# [DESCRIPTION OF THE TASK]
Write out, word for word, every line in the data below from the one containing "Vista exterior de" to the one containing "10/10/20 День Республики в парке Содовиков", both of them included.

# [INPUT DATA]

━━━━

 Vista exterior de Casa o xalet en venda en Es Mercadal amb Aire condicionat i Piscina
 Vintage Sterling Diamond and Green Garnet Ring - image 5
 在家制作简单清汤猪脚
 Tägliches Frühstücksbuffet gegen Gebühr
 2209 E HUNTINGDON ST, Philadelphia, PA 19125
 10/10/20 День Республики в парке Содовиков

━━━━

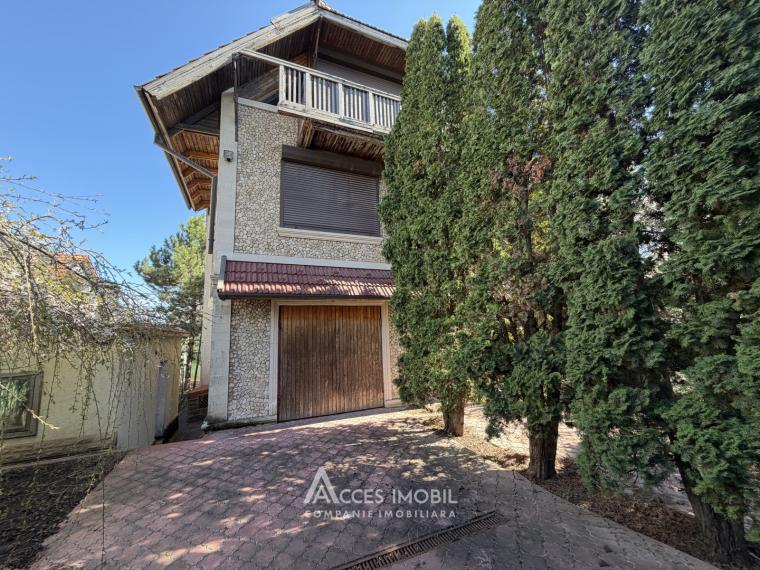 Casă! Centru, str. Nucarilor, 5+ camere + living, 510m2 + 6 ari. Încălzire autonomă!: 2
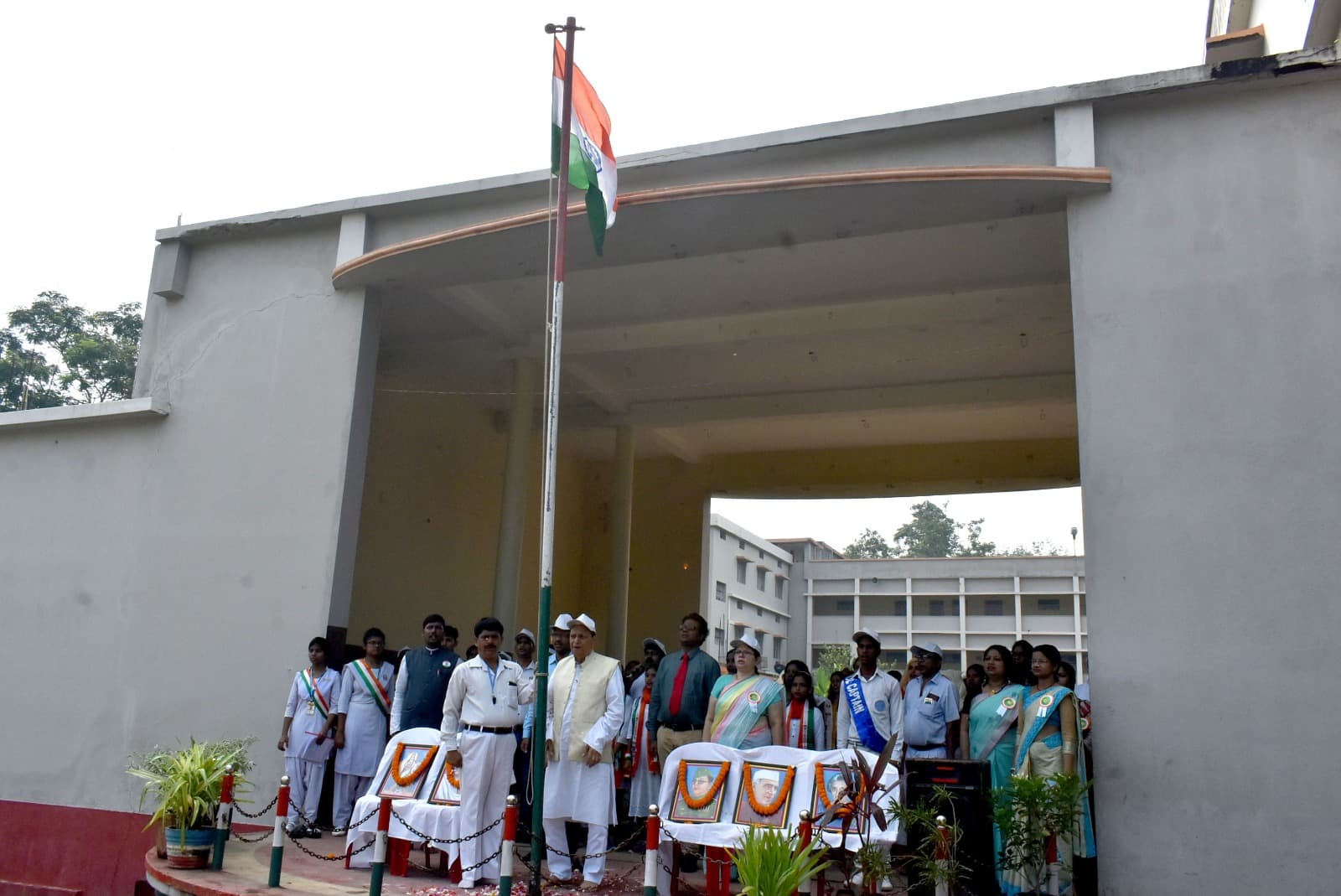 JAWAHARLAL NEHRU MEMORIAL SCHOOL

━━━━

# [ANSWER BOX]
 Vista exterior de Casa o xalet en venda en Es Mercadal amb Aire condicionat i Piscina
 Vintage Sterling Diamond and Green Garnet Ring - image 5
 在家制作简单清汤猪脚
 Tägliches Frühstücksbuffet gegen Gebühr
 2209 E HUNTINGDON ST, Philadelphia, PA 19125
 10/10/20 День Республики в парке Содовиков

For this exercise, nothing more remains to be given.